### Task
Reproduce only the stretch of entries below that begins at the first line and ends at the line holding "1-ком. квартира на".

┄┄┄┄┄┄┄┄┄┄

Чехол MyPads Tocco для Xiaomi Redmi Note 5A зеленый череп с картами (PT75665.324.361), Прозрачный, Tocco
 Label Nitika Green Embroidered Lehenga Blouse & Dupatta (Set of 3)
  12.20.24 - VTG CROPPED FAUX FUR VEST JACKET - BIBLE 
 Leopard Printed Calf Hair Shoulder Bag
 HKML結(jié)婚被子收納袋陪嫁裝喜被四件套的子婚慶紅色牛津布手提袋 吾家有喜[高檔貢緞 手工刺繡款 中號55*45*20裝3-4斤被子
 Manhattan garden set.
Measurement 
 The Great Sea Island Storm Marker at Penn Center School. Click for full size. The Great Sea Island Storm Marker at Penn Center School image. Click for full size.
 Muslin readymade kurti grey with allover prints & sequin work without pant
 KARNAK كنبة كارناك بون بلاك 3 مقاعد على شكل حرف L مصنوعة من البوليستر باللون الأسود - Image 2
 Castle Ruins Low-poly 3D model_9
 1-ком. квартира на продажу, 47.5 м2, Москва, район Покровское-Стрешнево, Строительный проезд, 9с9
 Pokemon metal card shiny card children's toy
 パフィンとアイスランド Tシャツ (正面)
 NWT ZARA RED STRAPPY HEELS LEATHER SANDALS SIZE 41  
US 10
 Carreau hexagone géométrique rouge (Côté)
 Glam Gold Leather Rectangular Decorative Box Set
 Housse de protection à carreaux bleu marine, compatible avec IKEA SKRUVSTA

┄┄┄┄┄┄┄┄┄┄

### Output for this exercise
Чехол MyPads Tocco для Xiaomi Redmi Note 5A зеленый череп с картами (PT75665.324.361), Прозрачный, Tocco
 Label Nitika Green Embroidered Lehenga Blouse & Dupatta (Set of 3)
  12.20.24 - VTG CROPPED FAUX FUR VEST JACKET - BIBLE 
 Leopard Printed Calf Hair Shoulder Bag
 HKML結(jié)婚被子收納袋陪嫁裝喜被四件套的子婚慶紅色牛津布手提袋 吾家有喜[高檔貢緞 手工刺繡款 中號55*45*20裝3-4斤被子
 Manhattan garden set.
Measurement 
 The Great Sea Island Storm Marker at Penn Center School. Click for full size. The Great Sea Island Storm Marker at Penn Center School image. Click for full size.
 Muslin readymade kurti grey with allover prints & sequin work without pant
 KARNAK كنبة كارناك بون بلاك 3 مقاعد على شكل حرف L مصنوعة من البوليستر باللون الأسود - Image 2
 Castle Ruins Low-poly 3D model_9
 1-ком. квартира на продажу, 47.5 м2, Москва, район Покровское-Стрешнево, Строительный проезд, 9с9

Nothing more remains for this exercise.